Si te agrada que la gente hable agradablemente, no respondas con indiferencia o descortésmente. Habla con respeto.

Si quieres que cuenten contigo, que se te tenga en cuenta, no sigas aislándote ni pasando de los demás. Llámalos. Interésate por cómo están. Diles que los echas de menos, que te acuerdas de ellos.

No sigas sacando de los demás sus escombros, como si fueras una máquina excavadora. Cada uno tiene bastante con conocerse a sí mismo y con librar las batallas de su propia alma. Dile lo que te encanta de ellos y verás cómo también hay cosas que a los demás les encanta de ti, aunque hayas puesto un tabique para que no se te acerquen. Rómpelo. Que entre aire limpio en tu entorno y en tu corazón.

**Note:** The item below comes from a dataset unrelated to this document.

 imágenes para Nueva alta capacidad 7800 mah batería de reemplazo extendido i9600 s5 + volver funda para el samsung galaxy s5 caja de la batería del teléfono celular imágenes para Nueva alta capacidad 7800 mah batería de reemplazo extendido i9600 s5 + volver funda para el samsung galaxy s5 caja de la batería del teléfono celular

La única fuerza que tiene que salir de nuestra boca es la de Dios. Si Él llena nuestros corazones, será Él quien se haga presente en donde estemos y con quien estemos.

Le pido a la Virgen del Rocío que nos enseñe a ser mejores cada día, a dar un paso y otro, hasta conseguir los cambios que deseamos en nuestras vidas. Que Ella nos ayude a ver con claridad el camino a seguir y que lo recorramos de su mano y con total confianza, porque para Dios nada es imposible. Para Él nunca es tarde y nosotros siempre estamos a tiempo de convertirnos.